After nearly a year, this is what’s become of the health care debate: Democrats hunkered behind closed doors on a bill struggling to gain public support, Republicans lobbing one partisan grenade after the next. 

In the wake of this grinding fight, Obama’s campaign pledge now seems hollow, either hopelessly naïve or deeply cynical. Far from being a show of bipartisan goodwill, the health care debate has proved to be just the opposite, with the most polarized, party-line votes on a sweeping social-reform bill in the modern era. No Republicans voted for the Senate bill Thursday. A single one backed the House version last month.

In the end, the political stakes proved to be too high — and the philosophical differences too great — for Obama to live up to his lofty rhetoric. In the face of steadfast GOP resistance to his plan, the president retreated from his gauzy campaign vision, eventually abandoning any notion that he’d undertake the sort of shirtsleeve cajoling and compromise he’d need to get Republicans on board. 
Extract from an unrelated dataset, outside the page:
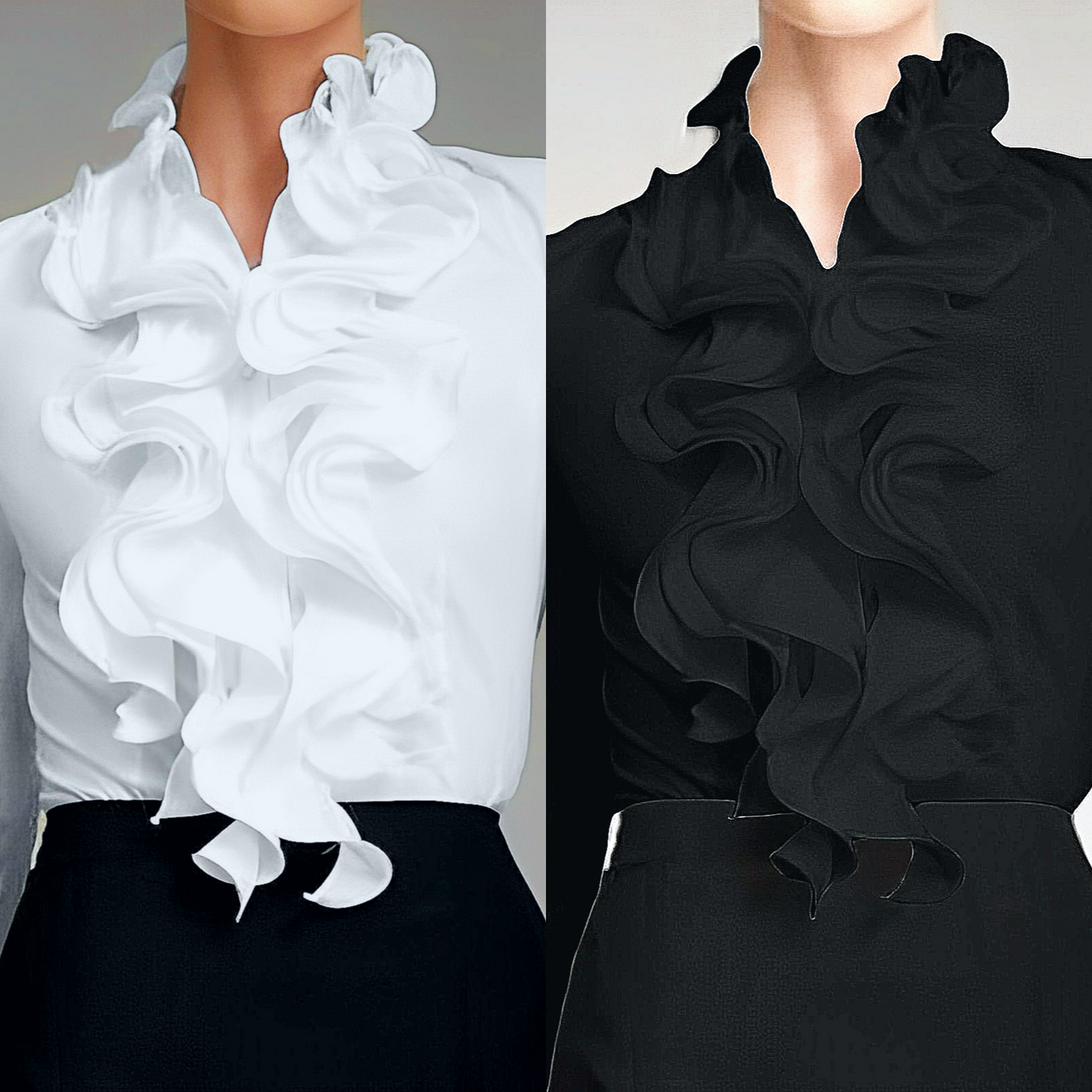 Carla - Romantische Rüschenbluse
Finally, Obama simply didn't need the Republicans - or C-Span cameras - to remake the health care system. House Speaker Nancy Pelosi (D-Calif.) and Senate Majority Leader Harry Reid (D-Nev.) were able to corral enough Democrats to make them irrelevant. So the trio passed health care without them - betting the advantage gained from a political victory now would more than blot out any damage from abandoning Obama's old applause line.

Republican leaders, in turn, put an increasingly high value on blocking any hope of compromise — so much so that they never truly offered a comprehensive alternative plan until the very end. Digging in could rouse their dispirited base by defeating the liberal president on his signature issue, with the built-in rallying cry of facing down a “big government” health plan that defied conservative principles.

Fighting health care was a chance at rejuvenating the party, whose leaders were confident the country was as alarmed by Obama’s activist tendencies as they were, and comforted by polls that suggested that was the case.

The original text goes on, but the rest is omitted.